--- Exercise objective ---
In the entries below, begin at the line that has "Gros plan sur", stop after the line that has "Cheerful senior couple", and output those lines exactly with no pictures.

--- Record set ---
######
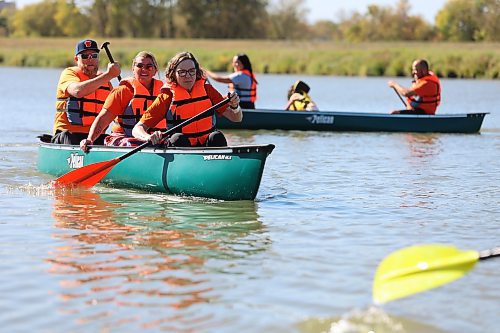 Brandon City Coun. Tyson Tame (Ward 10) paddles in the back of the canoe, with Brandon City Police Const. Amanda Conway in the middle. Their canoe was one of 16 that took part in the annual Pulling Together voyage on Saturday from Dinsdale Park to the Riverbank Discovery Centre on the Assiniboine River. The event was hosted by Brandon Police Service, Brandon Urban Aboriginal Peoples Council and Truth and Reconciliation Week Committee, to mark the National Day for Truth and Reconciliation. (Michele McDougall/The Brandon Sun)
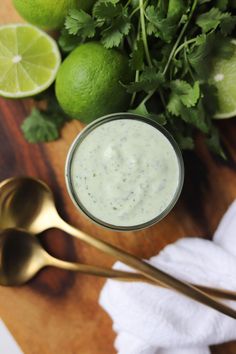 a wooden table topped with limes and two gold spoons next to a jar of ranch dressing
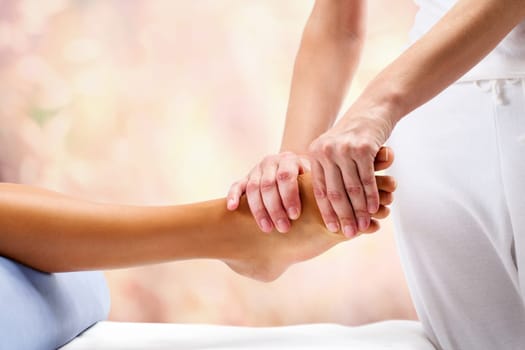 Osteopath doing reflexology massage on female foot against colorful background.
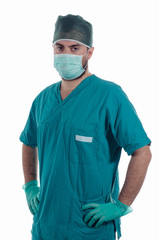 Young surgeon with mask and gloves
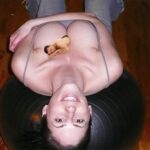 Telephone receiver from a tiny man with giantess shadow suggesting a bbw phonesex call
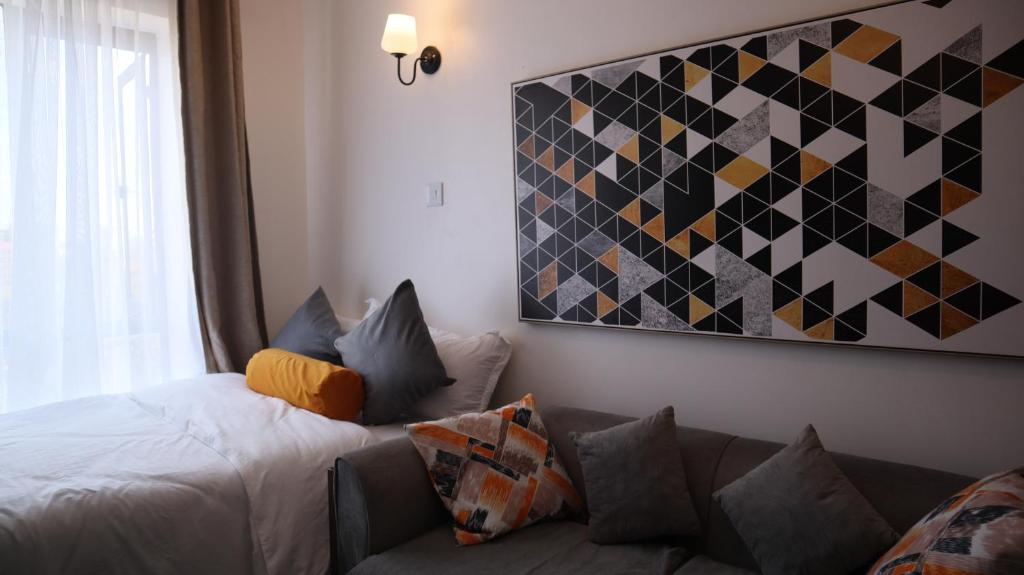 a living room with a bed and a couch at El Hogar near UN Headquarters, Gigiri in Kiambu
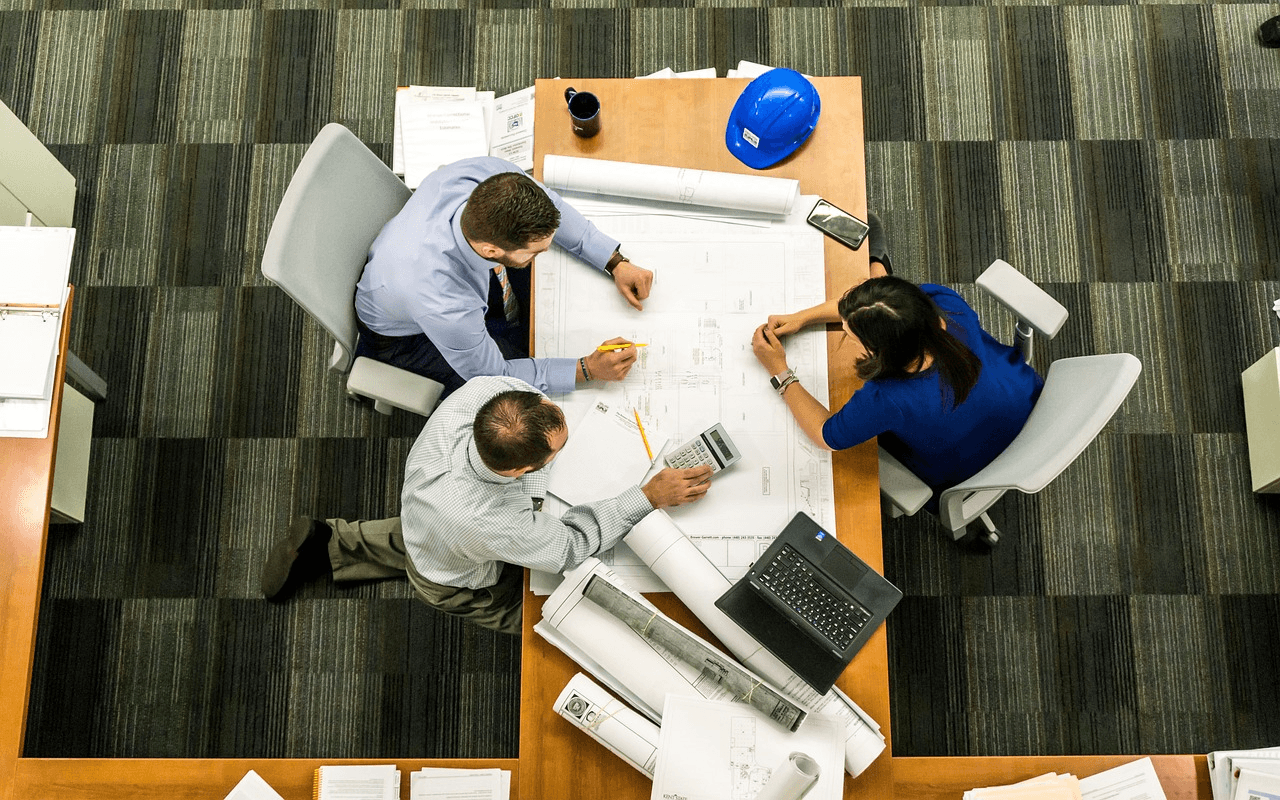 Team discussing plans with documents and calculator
######
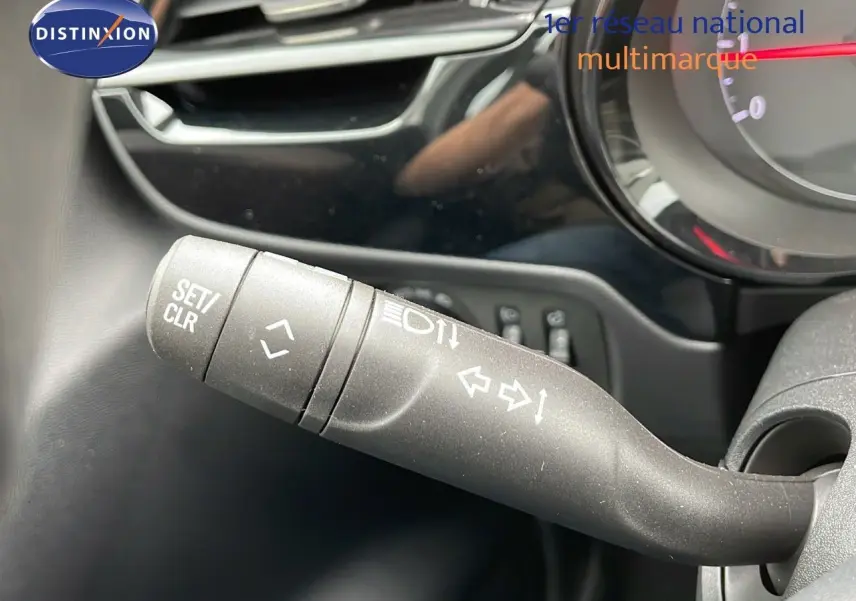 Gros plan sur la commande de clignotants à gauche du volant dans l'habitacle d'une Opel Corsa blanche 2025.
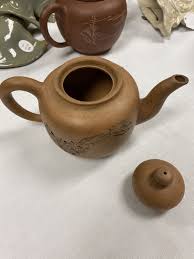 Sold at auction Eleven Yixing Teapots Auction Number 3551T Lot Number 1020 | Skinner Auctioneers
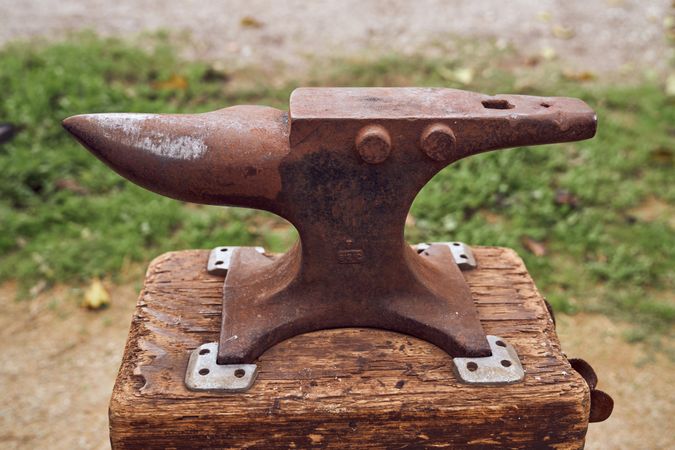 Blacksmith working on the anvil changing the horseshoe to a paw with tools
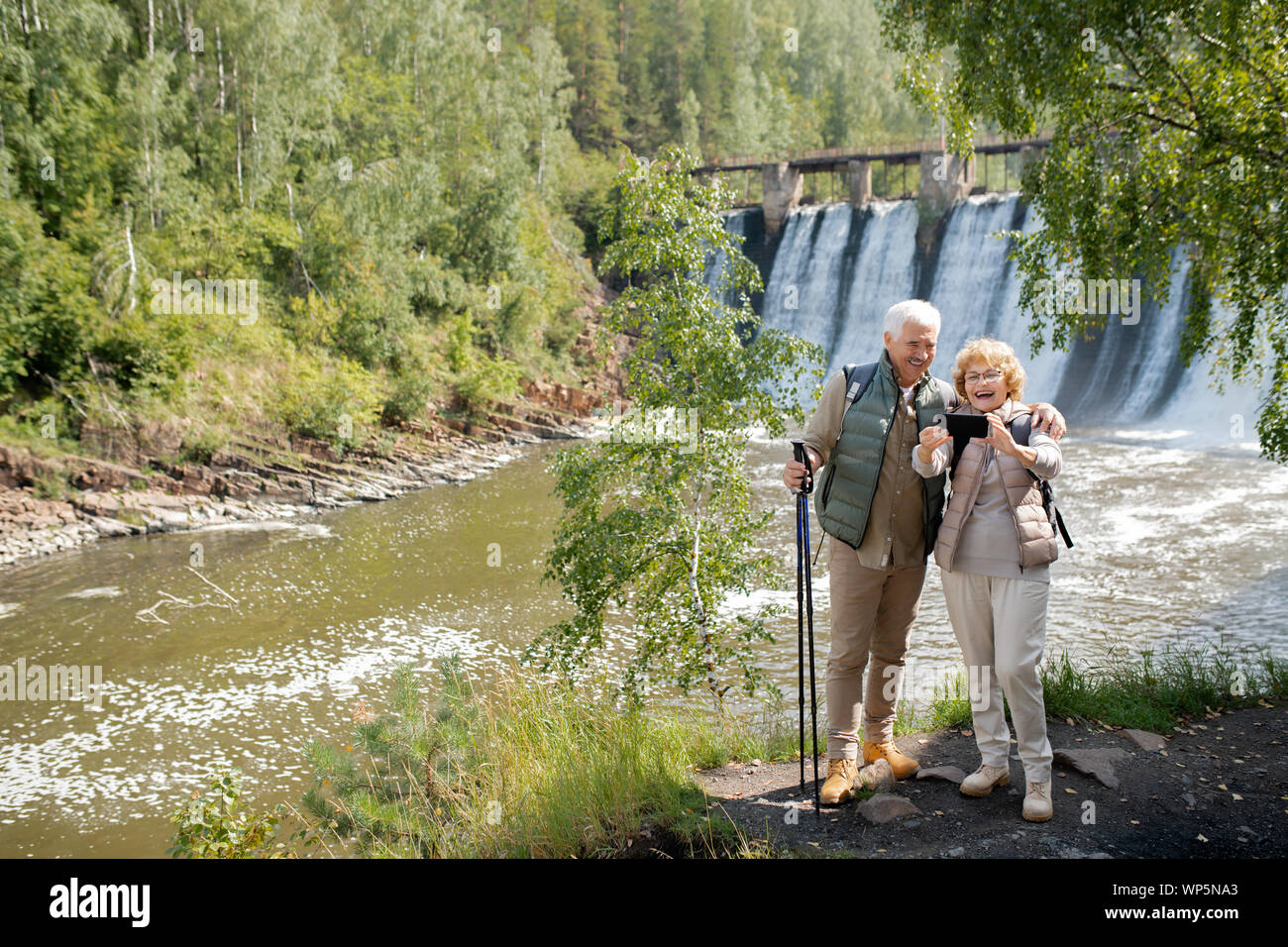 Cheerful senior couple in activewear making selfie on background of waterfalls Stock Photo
######
--- Reply ---
 Gros plan sur la commande de clignotants à gauche du volant dans l'habitacle d'une Opel Corsa blanche 2025.
 Sold at auction Eleven Yixing Teapots Auction Number 3551T Lot Number 1020 | Skinner Auctioneers
 Blacksmith working on the anvil changing the horseshoe to a paw with tools
 Cheerful senior couple in activewear making selfie on background of waterfalls Stock Photo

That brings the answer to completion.